Tuesday, October 7, 2025

15 states are seeking to make child rapists subject to death penalty

Led by Florida, 15 state Attorneys General have signed a letter asking U.S. Attorney General Pam Bondi to support execution of child rapists and to challenge a decades-old ruling preventing the death penalty for pedophiles, reported Florida Politics.

The newest signature on Florida Attorney General James Uthmeier’s September letter came Wednesday from Liz Murrill, Louisiana’s chief legal officer, asking Bondi to co-sign various state efforts to execute child rapists. They hope Bondi will take on the U.S. Supreme Court’s 2008 Kennedy v. Louisiana decision holding the death penalty for child rapists unconstitutional.

“We have every confidence that, with President Trump’s strong leadership and with principled, rule-of-law Justices on the Supreme Court, Kennedy’s days are numbered, and child rapists can be appropriately punished for their unspeakable crimes,” Uthmeier wrote in his Sep. 2 letter.

“The U.S. Supreme Court needs to reverse this egregiously wrong ruling,” Murrill echoed in a Wednesday social media post, announcing that her name would be slotted alongside the 14 other sitting and former Republican Attorneys General. Andrew Bailey, former Missouri Attorney General and now co-deputy director of the FBI, was one of the signatories.

Weeks after Uthmeier emailed his letter to Bondi, she joined President Donald Trump on Sep. 25 to announce planned expansions of the death penalty. Trump signed a presidential memorandum seeking to reinstate the death penalty in Washington, D.C., as Bondi announced the DOJ would pursue capital punishment nationwide, CNN reported.

This followed Trump’s Jan. 20 executive order demanding protection of the death penalty and asking Bondi to override Supreme Court precedents that “limit the authority of State and Federal governments to impose capital punishment.”

Her office declined to comment on whether she would try to overturn the Kennedy ruling.

Florida and the death penalty

Uthmeier’s letter was only the latest step Florida has taken in the death penalty sphere. Under Gov. Ron DeSantis’ leadership, the GOP-dominated Legislature passed a first-in-the-nation law allowing the state to kill pedophiles who rape children younger than 12. It was the first death penalty law passed for non-murders since the Kennedy decision.

That same year, DeSantis signed a law lowering the threshold for death penalty sentencing from a unanimous jury decision to an 8-4 supermajority. That law came after Nikolas Cruz, the Parkland shooter who murdered 17 at Marjory Stoneman Douglas High School, received life in prison after a jury voted 9-3 for death.

Since then, Florida has expanded the aggravated factors needed to recommend a death sentence, added human trafficking as another non-murder crime that could be subject to the death penalty, and allowed for the creation of new death penalty methods. DeSantis has shattered Florida’s long-standing one-year record of eight executions set in 1984: In 2025 so far, he’s already scheduled 15 executions, 13 of which have been carried out.

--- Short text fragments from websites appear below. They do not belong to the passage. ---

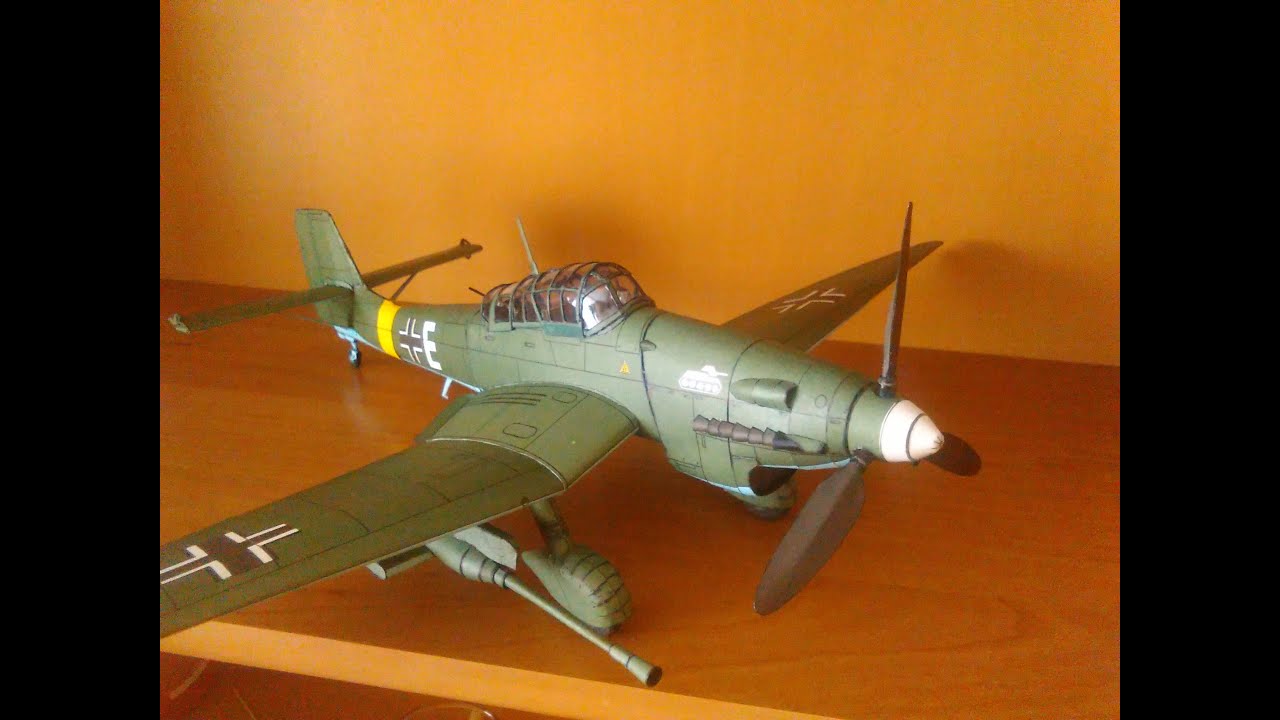 Junkers JU-87G Stuka paper model, cardboard model, Model kartonowy scale 1:33  GPM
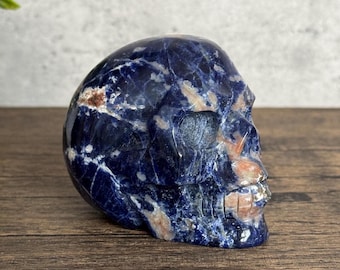 Sodalite Skull - Spiritual Healing Stone for Intuition & Calm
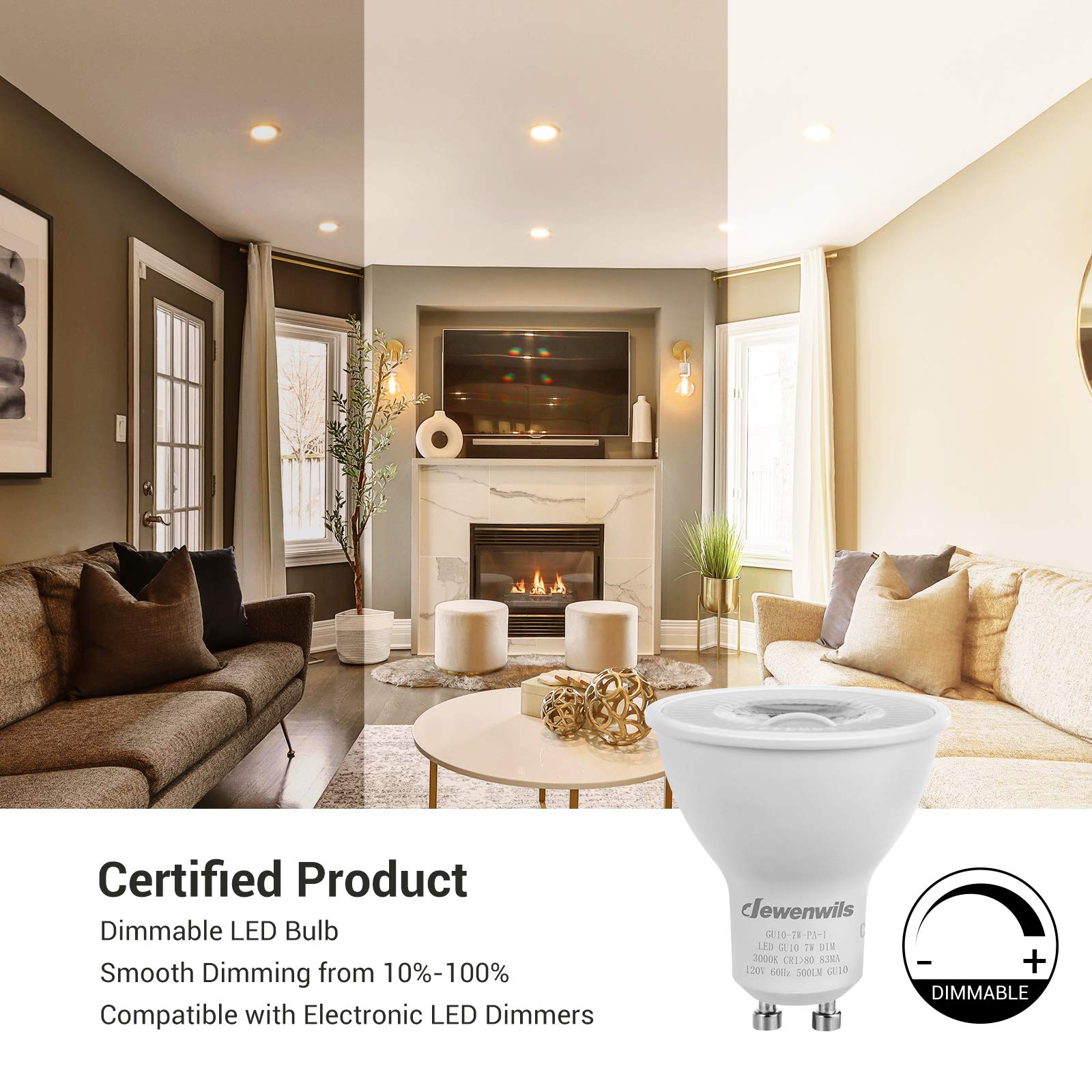 Dewenwils 6-Pack Gu10 Led Bulb Dimmable, 3000K Warm White Gu10 Bulb Replacement For Track Lighting, 500Lm, 7W(50W Equivalent) Led Light Bulb For Kitchen, Range Hood, Living Room, Bedroom, Ul Listed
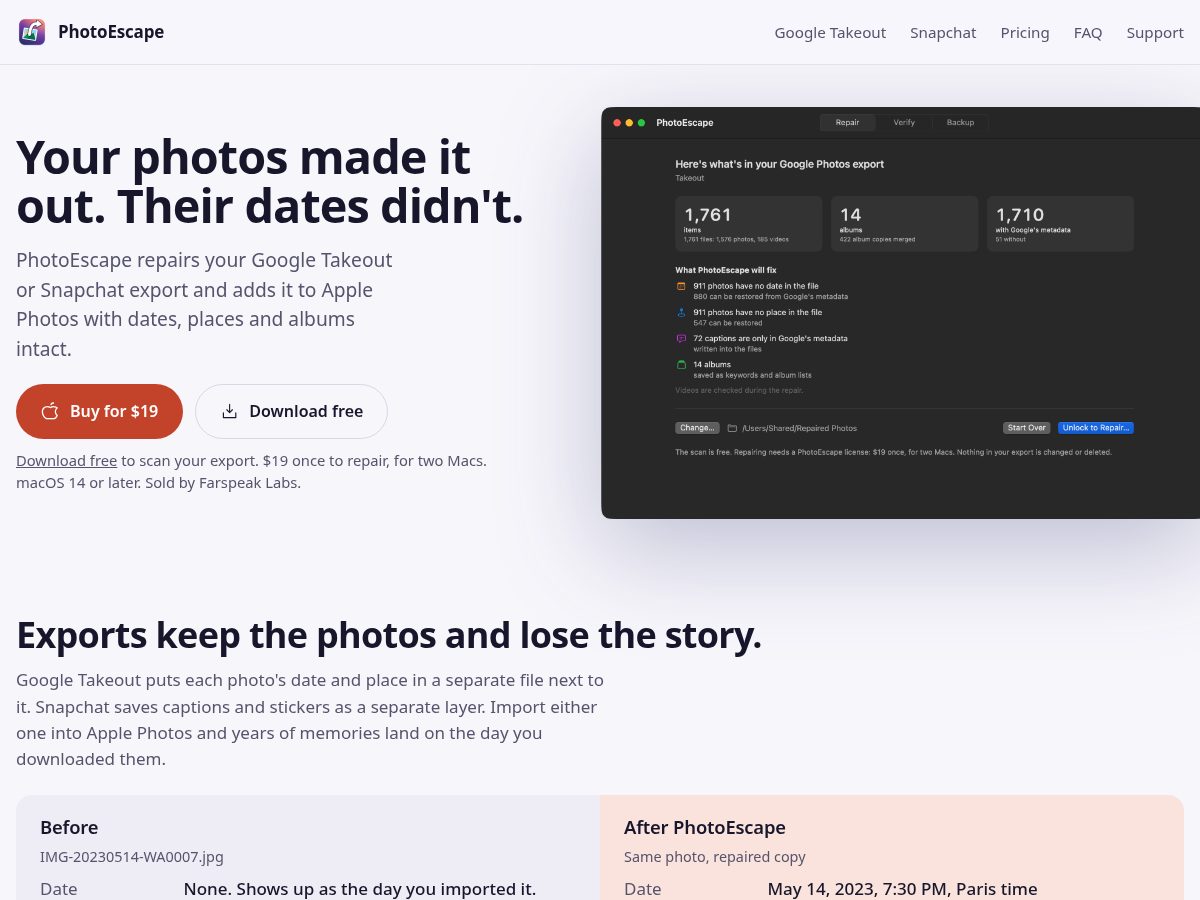 Landing-page snapshot of photoescape.app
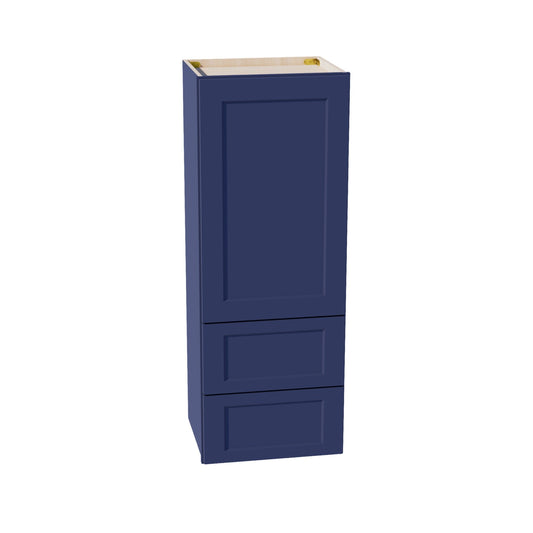 HB-WD1848: Indigo Blue Shaker 18"W x 48"H 1 Door & 2 Drawers Special Wall Cabinet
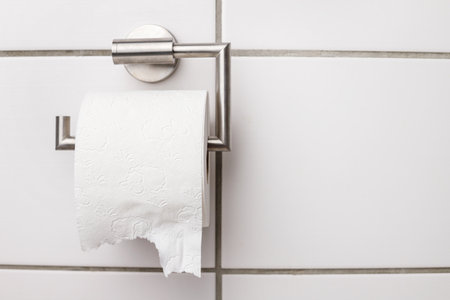 White Toilet Paper Roll Closeupの写真素材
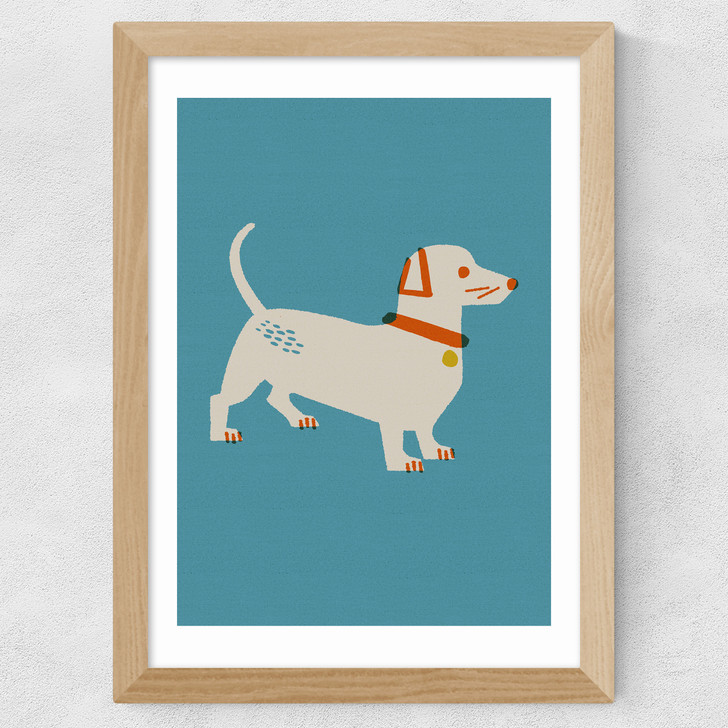 Sausage Dog by Christina Hagerfors Wide Oak Frame Sausage Dog by Christina Hagerfors Wide Oak Frame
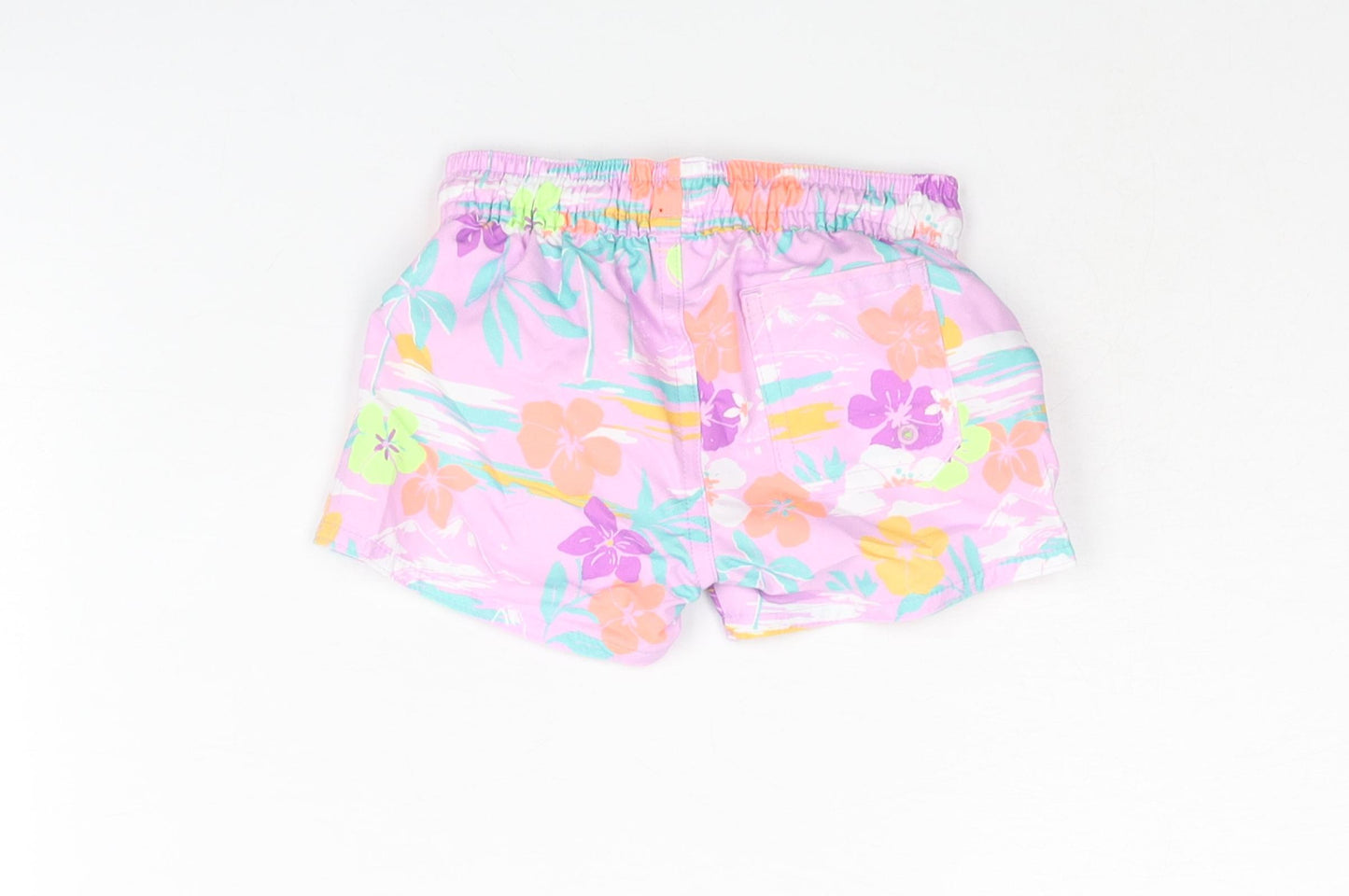 Marks and Spencer Boys Purple Floral Polyester Cropped Trousers Size 0-3 Months Drawstring - Swim Shorts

This aggressive stance has drawn the ire of anti-death penalty groups, including the statewide organization Floridians for Alternatives to the Death Penalty, which argue that Florida’s slew of new laws are both unconstitutional and go against judicial precedent.

“While Florida lawmakers have made their intent clear — that they knowingly and purposely passed an unconstitutional law — they still have to wait to be able to even bring it to the U.S. Supreme Court (who also would have to agree to hear it) to try to overturn that long established precedent,” Maria DeLiberato, FADP’s Executive Director, told the Florida Phoenix in a written statement.

What is the Kennedy v. Louisiana case?

In 2003, Patrick O’Neal Kennedy was sentenced to death in Louisiana for the 1998 rape of his 8-year-old stepdaughter. This aligned with the state’s 1995 law allowing pedophiles to be executed if they raped a victim younger than 13.

Kennedy appealed, pointing out that the U.S. Supreme Court had ruled the death penalty for rapists with adult victims unconstitutional, but the Louisiana Supreme Court upheld his sentence. That court noted that five other states at the time had death penalty laws for child rape.

Kennedy turned to the U.S. Supreme Court, arguing that five states was not enough to establish a “national consensus” that executing child rapists should be legal. In a 5-4 decision, SCOTUS took his side. Kennedy has since been sentenced to life in prison.

Now 60, he is being held at the Elayn Hunt Correctional Center in St. Gabriel, Louisiana.